Output the records exactly as they appear, with no pictures included.

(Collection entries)
►

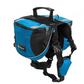 Pet Harness with Backpack for Outdoor Adventures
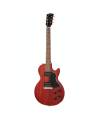 GIBSON USA LES PAUL SPECIAL TRIBUTE HUMBUCKER VINTAGE CHERRY SATIN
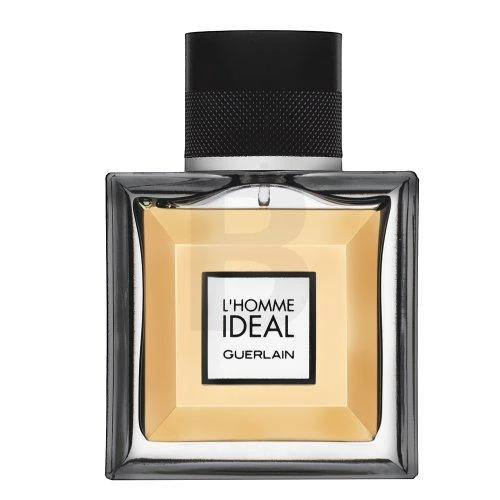 Guerlain L'homme Ideal EDT tualetinis vanduo unisex, 50 ml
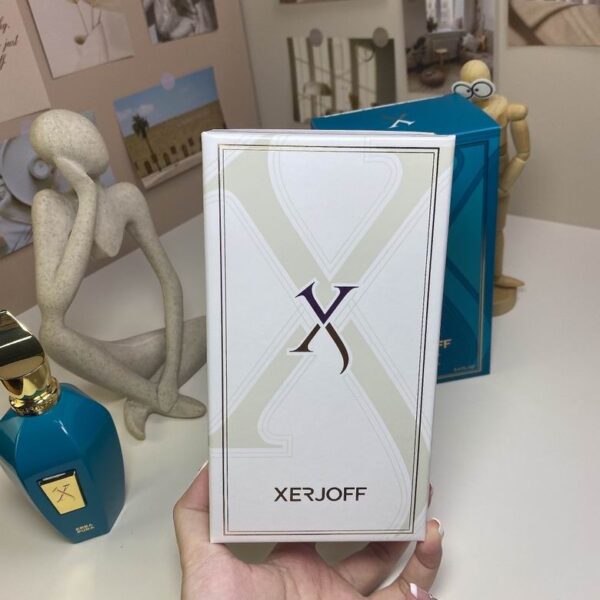 XERJOFF ERBA PURA EAU DE PARFUM SPRAY UNISEX 3.4 Oz / 100 ml BRAND NEW ITEM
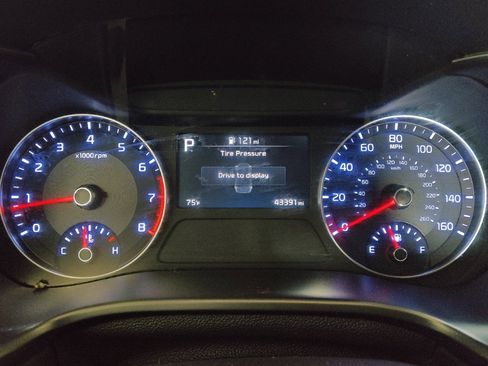 Used 2024 Kia Forte GT image 23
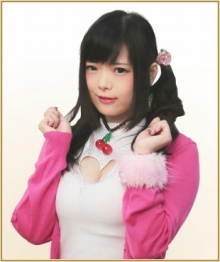 画像ギャラリー No.002のサムネイル画像 / 「龍が如く6」,キャバ嬢役オーディションの最終投票は4月17日まで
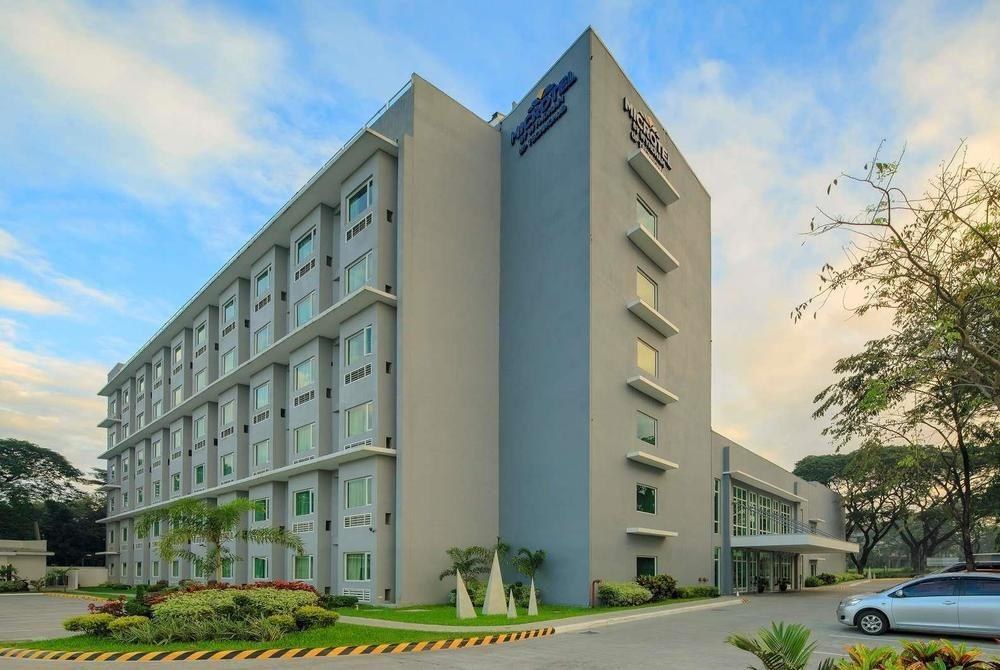 Microtel by Wyndham UP Technohub photo 1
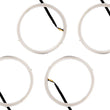 Load image into Gallery viewer, Diode Dynamics Halo Lights LED 120mm - Red Four - Main Product View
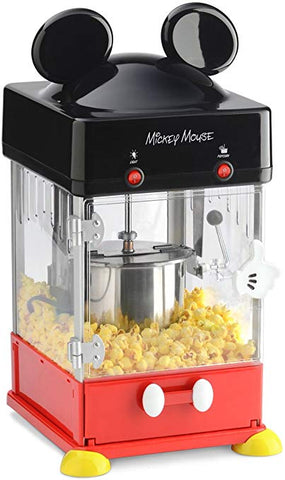 Machine à Pop Corn Mickey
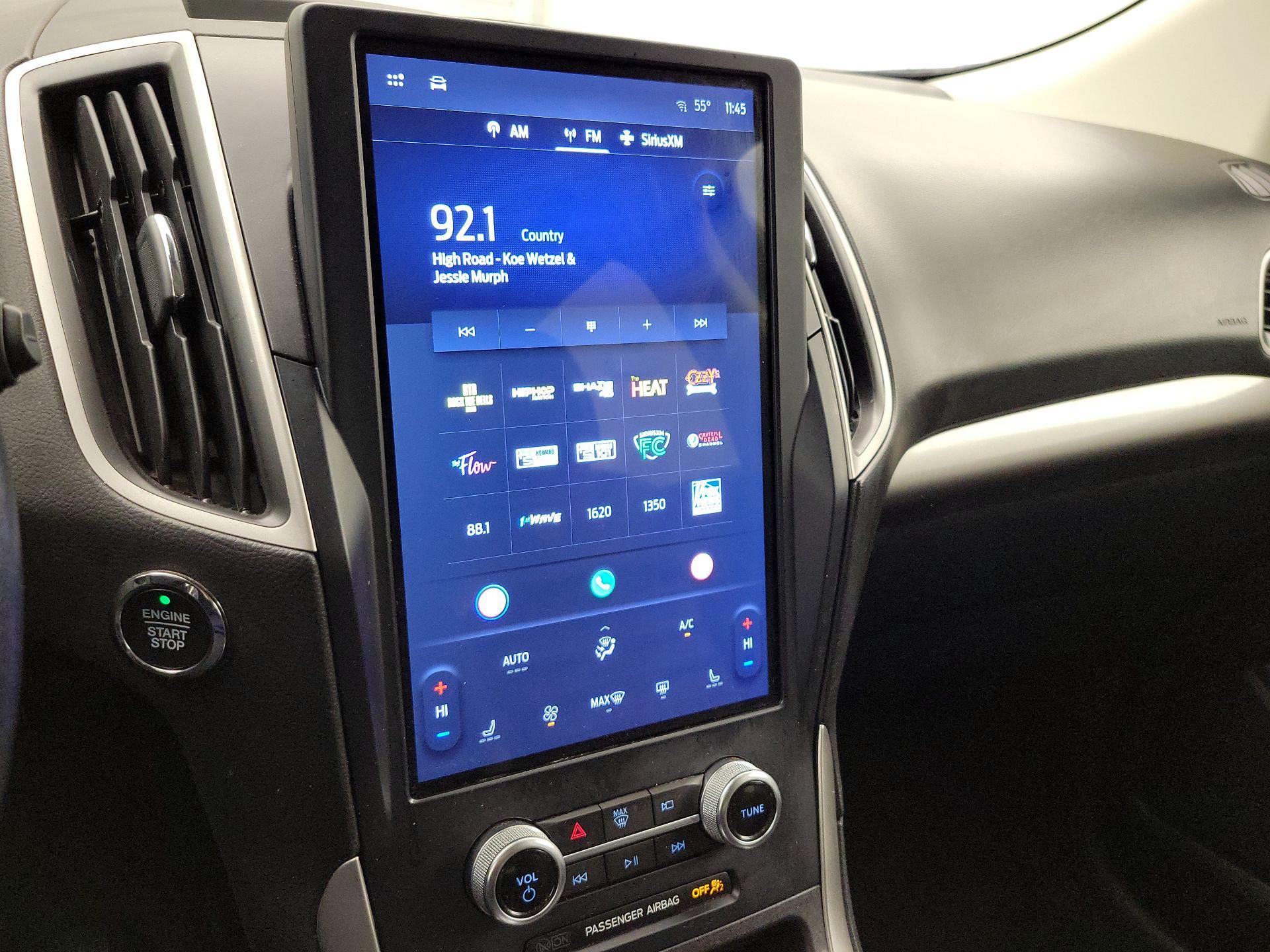 Thumbnail: 2023 Ford Edge - 15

◄

[COMPLETED TASK]
 Pet Harness with Backpack for Outdoor Adventures
 GIBSON USA LES PAUL SPECIAL TRIBUTE HUMBUCKER VINTAGE CHERRY SATIN
 Guerlain L'homme Ideal EDT tualetinis vanduo unisex, 50 ml
 XERJOFF ERBA PURA EAU DE PARFUM SPRAY UNISEX 3.4 Oz / 100 ml BRAND NEW ITEM
 Used 2024 Kia Forte GT image 23
 画像ギャラリー No.002のサムネイル画像 / 「龍が如く6」,キャバ嬢役オーディションの最終投票は4月17日まで
 Microtel by Wyndham UP Technohub photo 1
 Load image into Gallery viewer, Diode Dynamics Halo Lights LED 120mm - Red Four - Main Product View
 Machine à Pop Corn Mickey
 Thumbnail: 2023 Ford Edge - 15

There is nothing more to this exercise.